Léa et Marc sont dépeints, à dessein semble t‑il, comme le degré zéro de la romance (avec de superbes échanges du style « On baise ? — Va plutôt me chercher une bière »), pour une raison qui reste nébuleuse. Pourquoi les membres du couple se transforment-ils en protagonistes d’un affrontement trivial et vachard où chacun à son tour se joue de la frustration de l’autre ? Mystère. À défaut d’offrir un semblant d’indice quant aux raisons de cette descente aux enfers, le film la démontre avec une complaisance crasse. Marc fait longuement mumuse avec un fusil qu’il voit manifestement comme un prolongement de ses attributs virils. Léa montre avec application qu’elle possède une panoplie impressionnante de petites culottes fantaisie.
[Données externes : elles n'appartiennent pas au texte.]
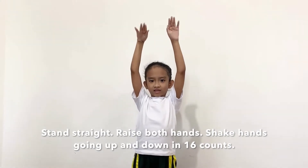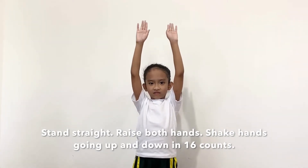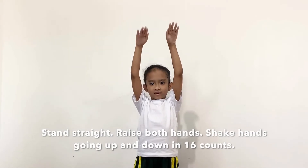One, two, three, four, five, six, seven, eight, eight.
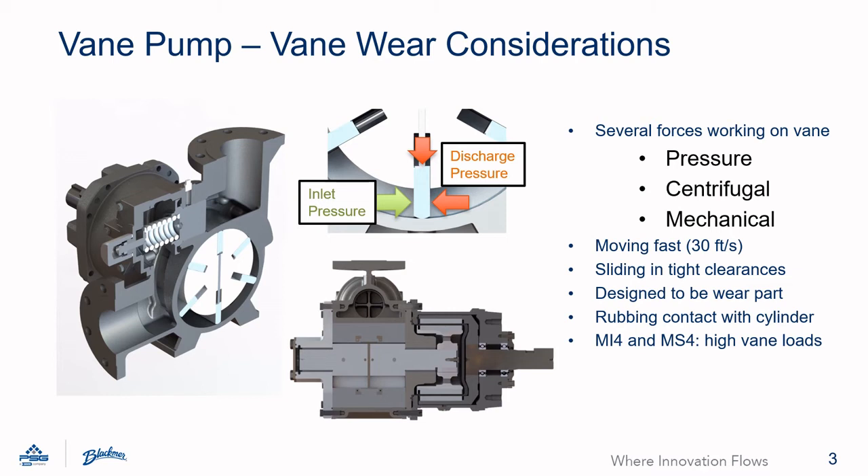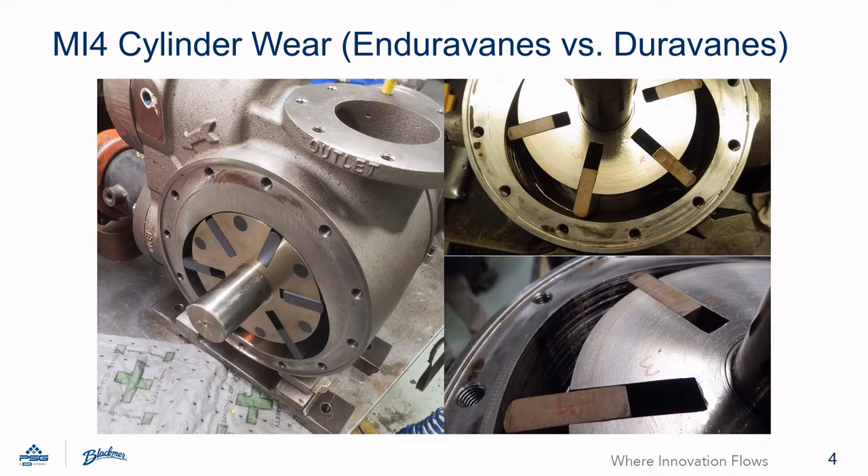A good example of this balance can be found in the MI4 and MS4 pumps. The wear performance of the EnduraVane was validated in testing. Two MI4 pumps were run at maximum operating conditions for 700 hours. The pump pictured on the left had EnduraVanes installed. The pump pictured on the right had DuraVanes installed. It can be seen that the pump run with EnduraVanes has a like-new cylinder, even after it was run at these extreme conditions — you can still see the machining marks on the cylinder cam. The pump run with DuraVanes has some abrasive wear lines. It has been shown that over time this cylinder wear causes increased vane wear. In comparative testing, it has been shown that the EnduraVanes last up to three times longer than DuraVanes before replacement is required. This is valuable time that the pump isn't out of service and the technicians aren't rebuilding it. This is why EnduraVanes are recommended for high-pressure Magnus applications.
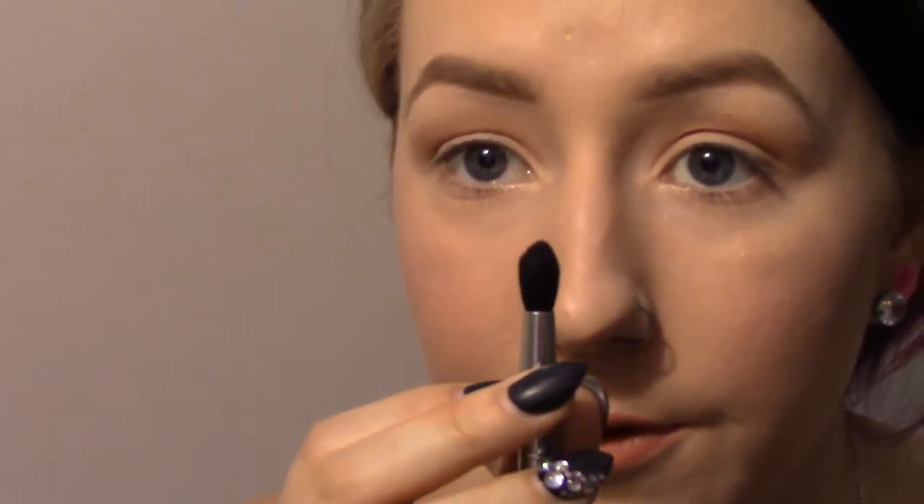Now I'm going to take a more tapered fluffy brush and pick up the Isla color — I think that's how you pronounce it, Isla — and I'm really going to coat the brush with this color because it's a lighter mint color. I'm going to go a little bit lower and just do back and forth circular motions to blend that all in.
Les deux alignent avec régularité des scènes faussement érotiques censées, certainement, souligner les paliers de la tension qui s’installe entre eux. Enfin, un petit chat d’une blancheur angélique traverse tout ça, probable symbole d’une innocence perdue.
Non contente de nous noyer dans un symbolisme aussi lourd qu’il est de premier degré, Cheyenne Carron construit son scénario selon des jalons plus sclérosés que rigoureux, via Marc qui revient rétrospectivement sur les faits. Ces apartés entre lui et un inspecteur servant majoritairement à indiquer à l’auditoire quelle tonalité préside aux séquences suivantes, la réalisatrice semble négliger d’apporter un minimum d’audace à sa mise en scène. Celle-ci saute d’une réalisation sage à une caméra à l’épaule effrénée (et passablement nauséeuse), évidemment utilisée dans les séquences de stress. La bande son, à l’avenant, codifie le film d’une façon stricte avec des morceaux envahissants et explicatifs au point d’en devenir simplistes.
« Ce film, c’est un cri, je l’ai fait avec sincérité. J’avais besoin de ce film brut. » C’est ainsi que la réalisatrice explique sa perception de son film, qu’elle avoue être inspiré de sa propre expérience. Brut, il l’est indéniablement, dans le fond, comme dans la forme. Tout cela est tellement brut que cela en devient amateur, dans tous les mauvais sens du terme. D’un conte noir et terrifiant, Écorchés n’a finalement réussi à devenir que l’ombre fauchée et complaisante de son compatriote sorti l’année dernière, le prometteur Ils.